═════ Provided material

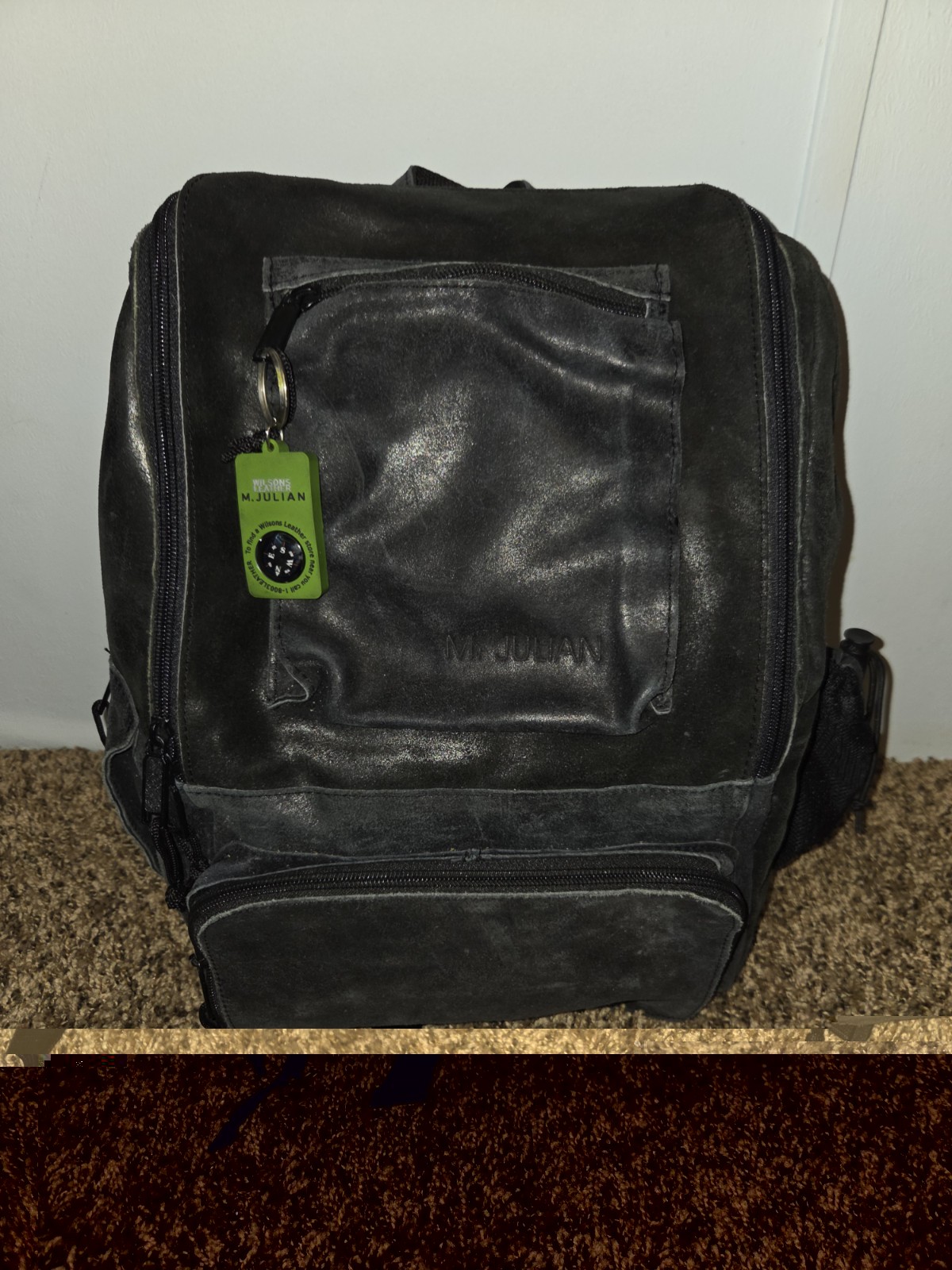 Wilson’s M.Julian Distressed Suede Leather Backpack With Key Chain Compass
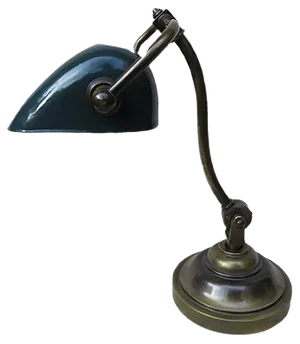 Art Nouveau Enameled Brass Banker's Lamp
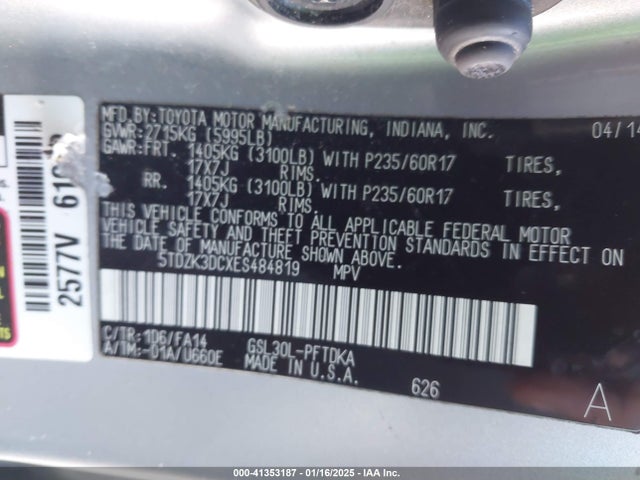 Toyota Sienna L V6 7 Passenger 2014 5TDZK3DCXES484819 Image 9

══════════

## Your task
Word for word, restate the lines from the one containing "Art Nouveau Enameled Brass Banker's Lamp" through the end of the listing, and nothing more. Skip the pictures.

## Result for this task
 Art Nouveau Enameled Brass Banker's Lamp
 Toyota Sienna L V6 7 Passenger 2014 5TDZK3DCXES484819 Image 9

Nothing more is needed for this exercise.